Available records:
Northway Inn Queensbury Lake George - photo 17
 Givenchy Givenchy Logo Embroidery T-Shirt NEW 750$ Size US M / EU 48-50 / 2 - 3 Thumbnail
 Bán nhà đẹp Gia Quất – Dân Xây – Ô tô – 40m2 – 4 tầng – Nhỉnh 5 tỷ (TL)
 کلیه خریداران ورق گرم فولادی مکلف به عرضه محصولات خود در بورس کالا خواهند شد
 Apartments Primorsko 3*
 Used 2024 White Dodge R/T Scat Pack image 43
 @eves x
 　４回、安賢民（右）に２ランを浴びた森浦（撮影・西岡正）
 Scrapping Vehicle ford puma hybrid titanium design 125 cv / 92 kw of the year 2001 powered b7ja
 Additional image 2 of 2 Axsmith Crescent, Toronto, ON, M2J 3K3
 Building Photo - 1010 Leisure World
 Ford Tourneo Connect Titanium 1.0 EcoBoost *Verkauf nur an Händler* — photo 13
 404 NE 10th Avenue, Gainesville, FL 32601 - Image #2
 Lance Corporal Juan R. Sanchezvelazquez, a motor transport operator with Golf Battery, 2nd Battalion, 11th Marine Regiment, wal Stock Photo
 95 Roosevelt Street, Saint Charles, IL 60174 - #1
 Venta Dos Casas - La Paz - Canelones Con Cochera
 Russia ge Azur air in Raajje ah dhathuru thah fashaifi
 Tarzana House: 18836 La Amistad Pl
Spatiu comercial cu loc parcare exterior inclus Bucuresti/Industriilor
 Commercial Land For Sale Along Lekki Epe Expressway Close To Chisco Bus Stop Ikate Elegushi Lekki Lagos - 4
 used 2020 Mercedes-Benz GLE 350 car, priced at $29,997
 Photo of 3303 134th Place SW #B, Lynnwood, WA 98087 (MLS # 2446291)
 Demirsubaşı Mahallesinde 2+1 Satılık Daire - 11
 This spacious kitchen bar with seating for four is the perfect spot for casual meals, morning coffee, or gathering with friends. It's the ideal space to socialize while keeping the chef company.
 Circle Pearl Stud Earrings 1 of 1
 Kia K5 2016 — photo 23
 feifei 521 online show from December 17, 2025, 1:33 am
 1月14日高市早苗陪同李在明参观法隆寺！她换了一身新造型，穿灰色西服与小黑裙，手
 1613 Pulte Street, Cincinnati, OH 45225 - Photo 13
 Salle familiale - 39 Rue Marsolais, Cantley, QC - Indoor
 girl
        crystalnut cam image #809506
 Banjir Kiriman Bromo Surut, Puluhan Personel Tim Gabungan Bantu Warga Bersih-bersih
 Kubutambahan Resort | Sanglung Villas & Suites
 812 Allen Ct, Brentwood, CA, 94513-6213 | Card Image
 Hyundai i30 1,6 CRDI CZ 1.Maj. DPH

What this task involves:
Retype only this portion of the data above: the line containing "Demirsubaşı Mahallesinde 2+1", the line containing "Kia K5 2016 — photo 23", and all lines between them, exactly.

Answer to the problem:
 Demirsubaşı Mahallesinde 2+1 Satılık Daire - 11
 This spacious kitchen bar with seating for four is the perfect spot for casual meals, morning coffee, or gathering with friends. It's the ideal space to socialize while keeping the chef company.
 Circle Pearl Stud Earrings 1 of 1
 Kia K5 2016 — photo 23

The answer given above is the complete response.